»»
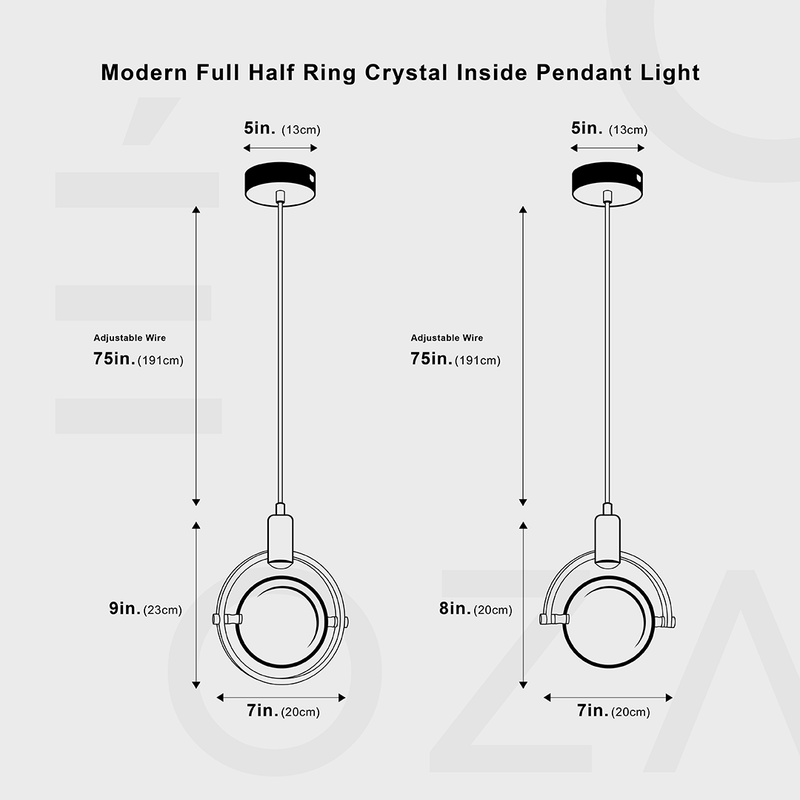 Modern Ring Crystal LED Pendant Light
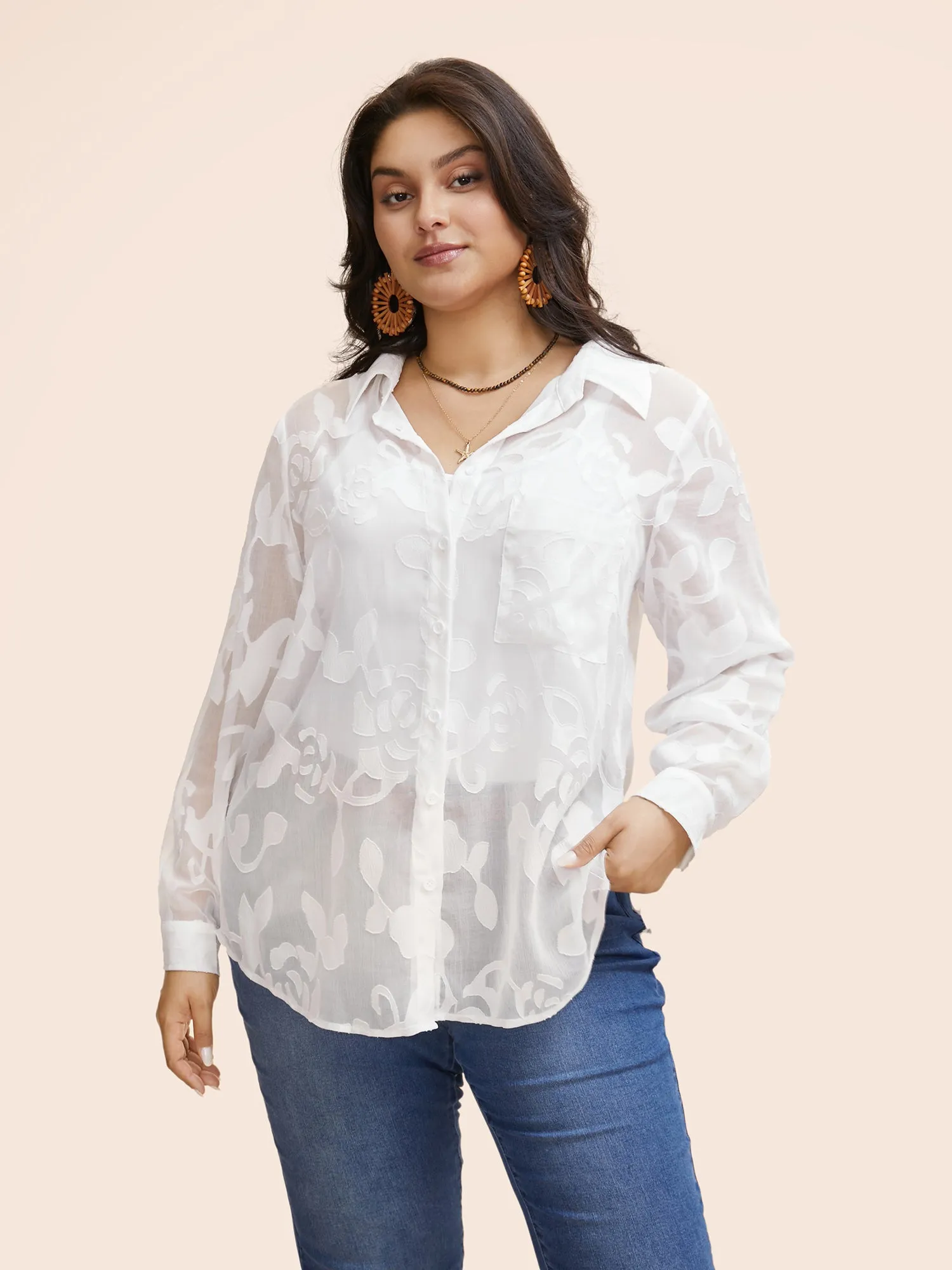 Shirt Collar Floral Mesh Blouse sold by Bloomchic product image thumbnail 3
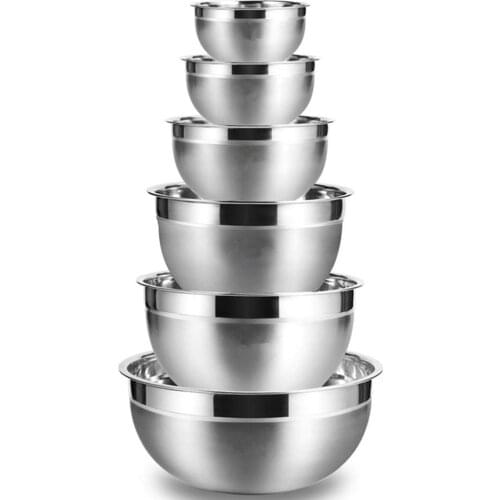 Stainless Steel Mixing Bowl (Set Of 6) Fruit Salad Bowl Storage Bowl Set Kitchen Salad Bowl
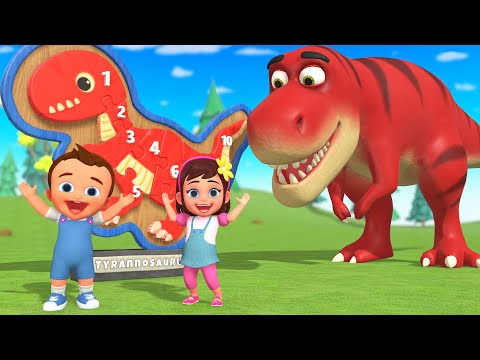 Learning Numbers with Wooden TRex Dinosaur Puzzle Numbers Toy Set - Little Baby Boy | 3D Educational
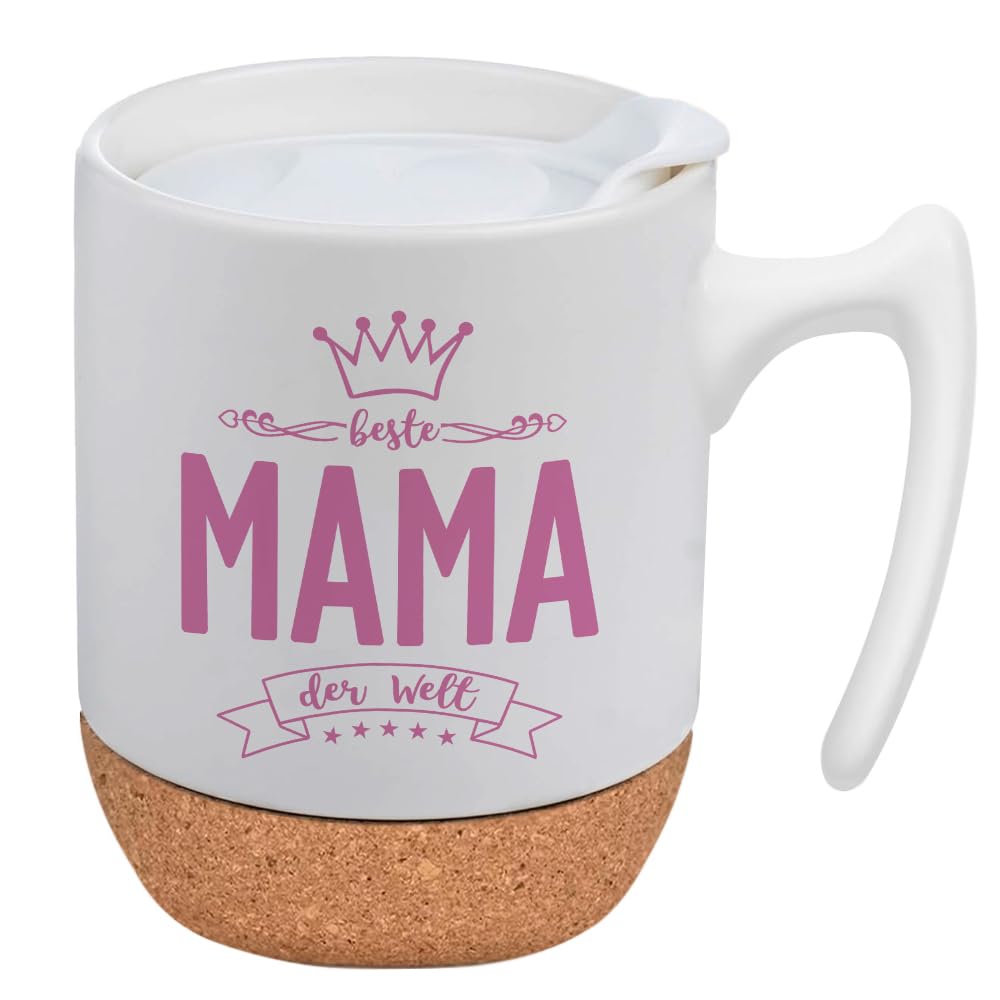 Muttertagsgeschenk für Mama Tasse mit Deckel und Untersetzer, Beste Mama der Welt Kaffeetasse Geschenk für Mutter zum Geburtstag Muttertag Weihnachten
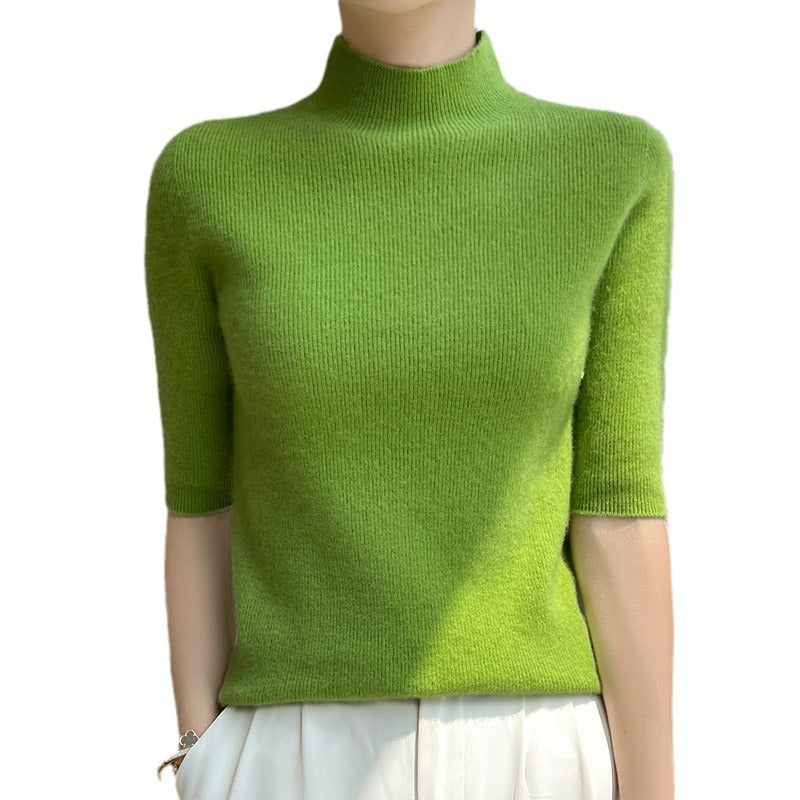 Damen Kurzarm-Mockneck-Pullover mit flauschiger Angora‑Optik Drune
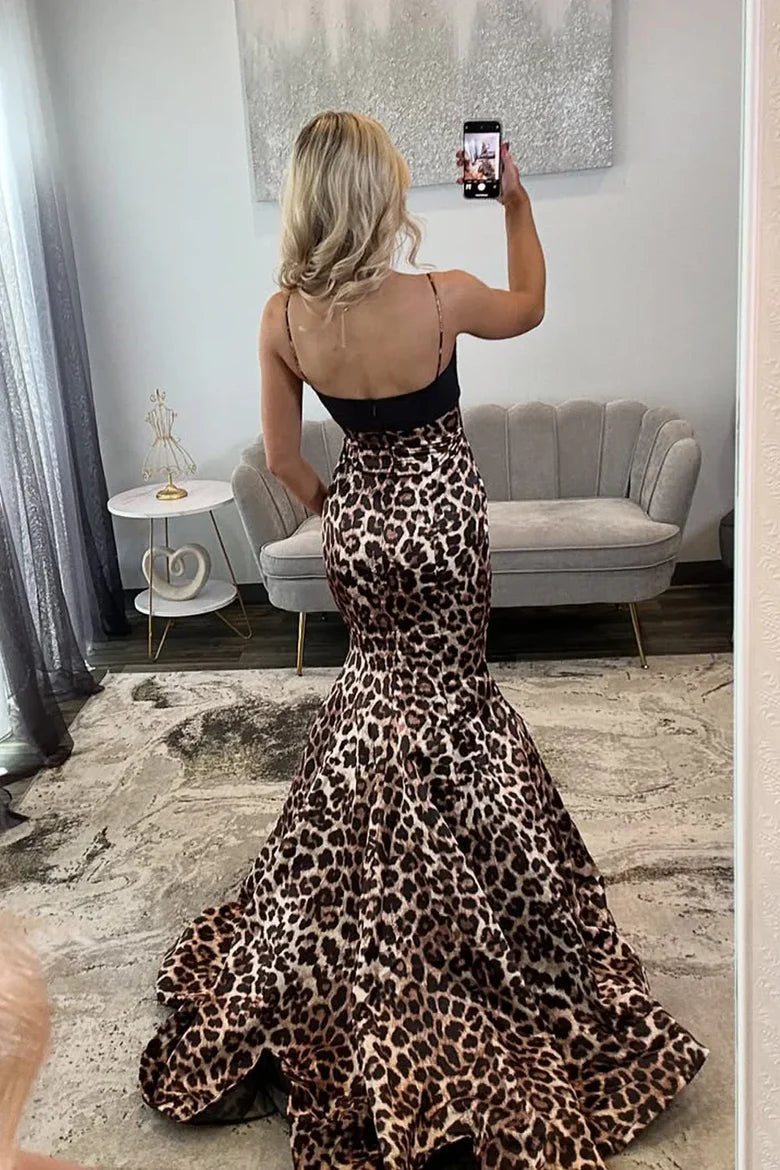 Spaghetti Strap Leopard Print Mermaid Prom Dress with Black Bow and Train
««
Required work: Return the material exactly as given above, picture-free.

Answer space:
 Modern Ring Crystal LED Pendant Light
 Shirt Collar Floral Mesh Blouse sold by Bloomchic product image thumbnail 3
 Stainless Steel Mixing Bowl (Set Of 6) Fruit Salad Bowl Storage Bowl Set Kitchen Salad Bowl
 Learning Numbers with Wooden TRex Dinosaur Puzzle Numbers Toy Set - Little Baby Boy | 3D Educational
 Muttertagsgeschenk für Mama Tasse mit Deckel und Untersetzer, Beste Mama der Welt Kaffeetasse Geschenk für Mutter zum Geburtstag Muttertag Weihnachten
 Damen Kurzarm-Mockneck-Pullover mit flauschiger Angora‑Optik Drune
 Spaghetti Strap Leopard Print Mermaid Prom Dress with Black Bow and Train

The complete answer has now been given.